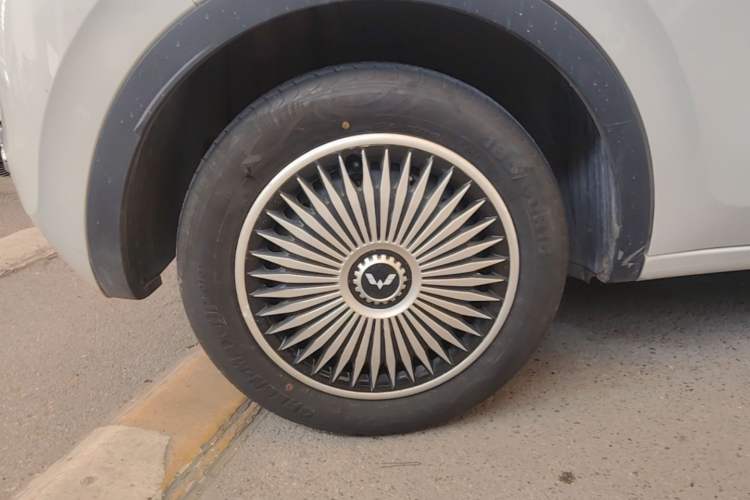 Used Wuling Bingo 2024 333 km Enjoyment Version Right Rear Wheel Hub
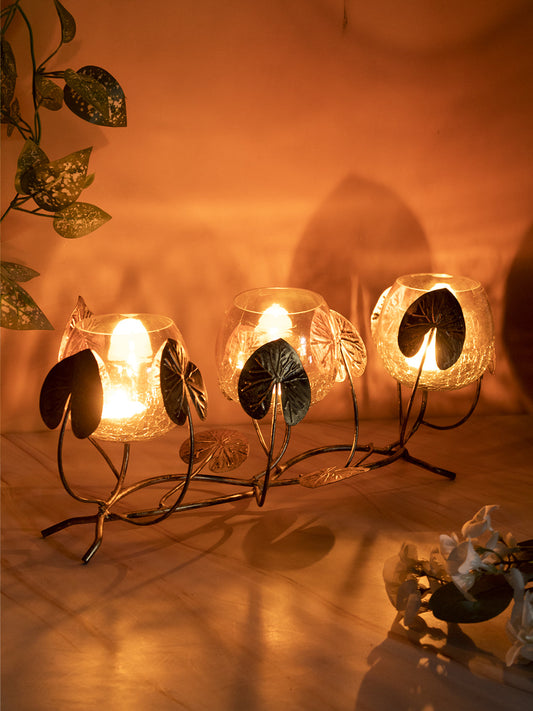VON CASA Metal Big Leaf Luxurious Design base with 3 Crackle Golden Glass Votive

============

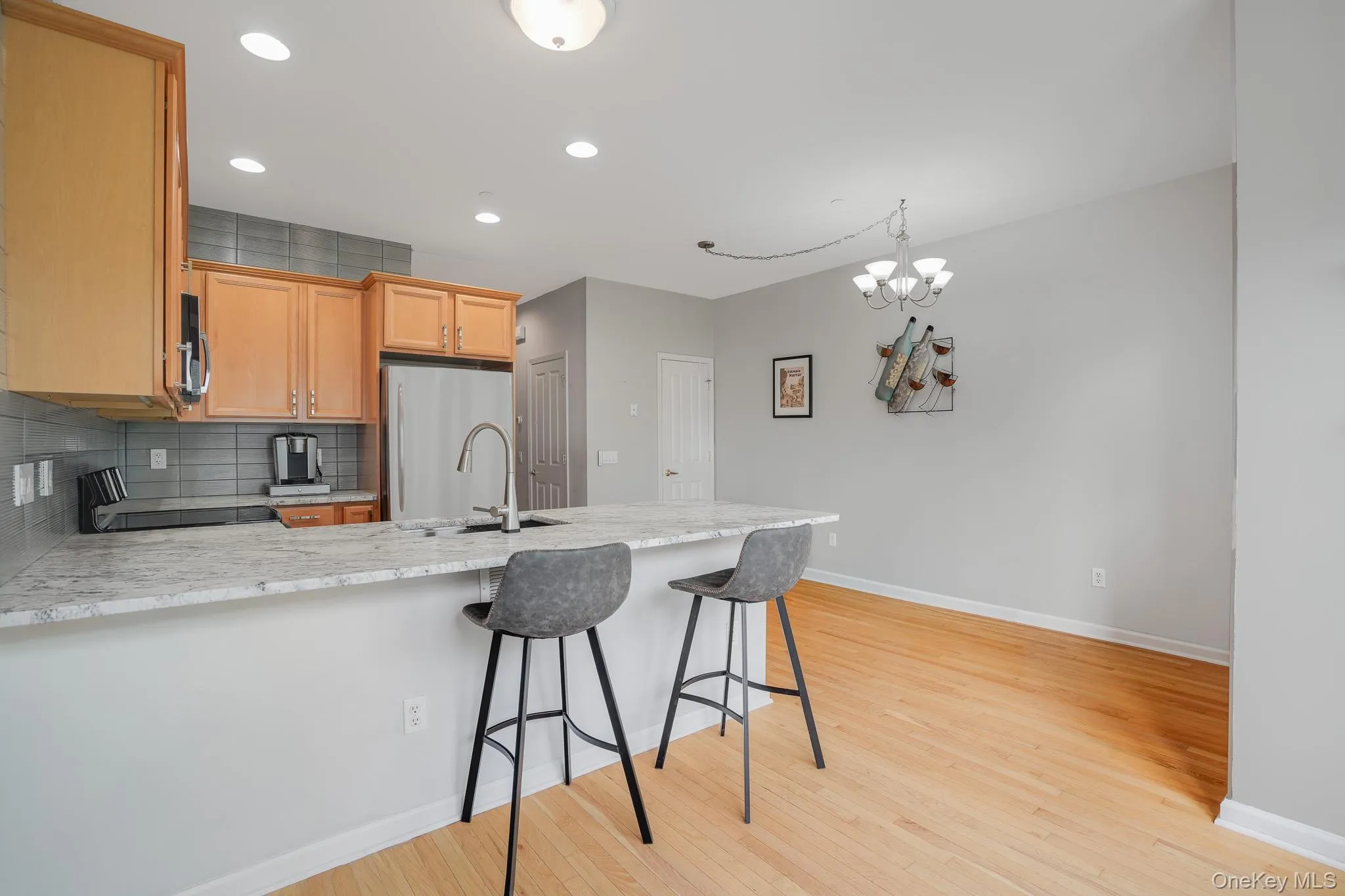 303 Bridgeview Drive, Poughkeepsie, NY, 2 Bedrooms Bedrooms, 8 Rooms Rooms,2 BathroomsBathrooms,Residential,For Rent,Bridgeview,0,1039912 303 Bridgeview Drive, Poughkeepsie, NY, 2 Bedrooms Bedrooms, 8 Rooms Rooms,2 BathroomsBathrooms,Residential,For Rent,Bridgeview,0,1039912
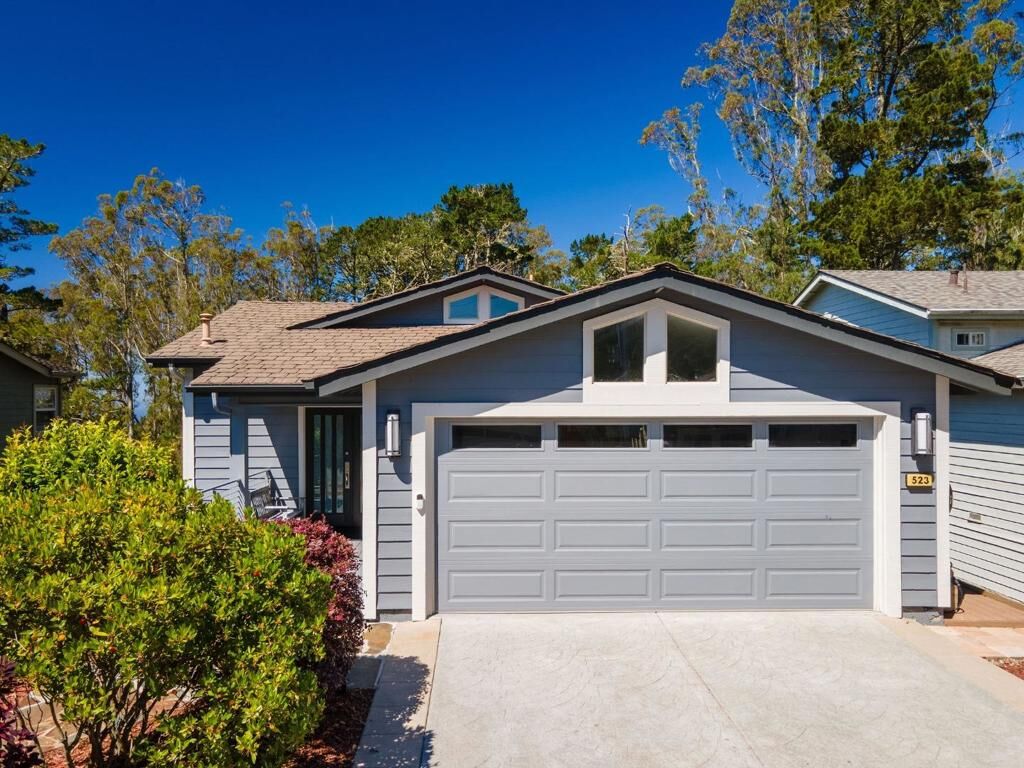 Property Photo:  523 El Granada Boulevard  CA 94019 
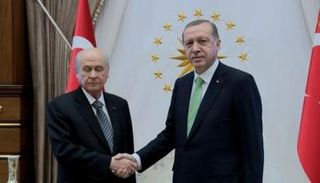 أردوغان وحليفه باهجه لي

============

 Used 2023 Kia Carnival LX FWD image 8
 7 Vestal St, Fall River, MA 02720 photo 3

============

### EXERCISE DETAILS
Using the data above, give again exactly the lines starting at the one holding "Used Wuling Bingo" and ending at the one holding "VON CASA Metal", inclusive, and nothing more. Omit the pictures.

### RESPONSE
 Used Wuling Bingo 2024 333 km Enjoyment Version Right Rear Wheel Hub
VON CASA Metal Big Leaf Luxurious Design base with 3 Crackle Golden Glass Votive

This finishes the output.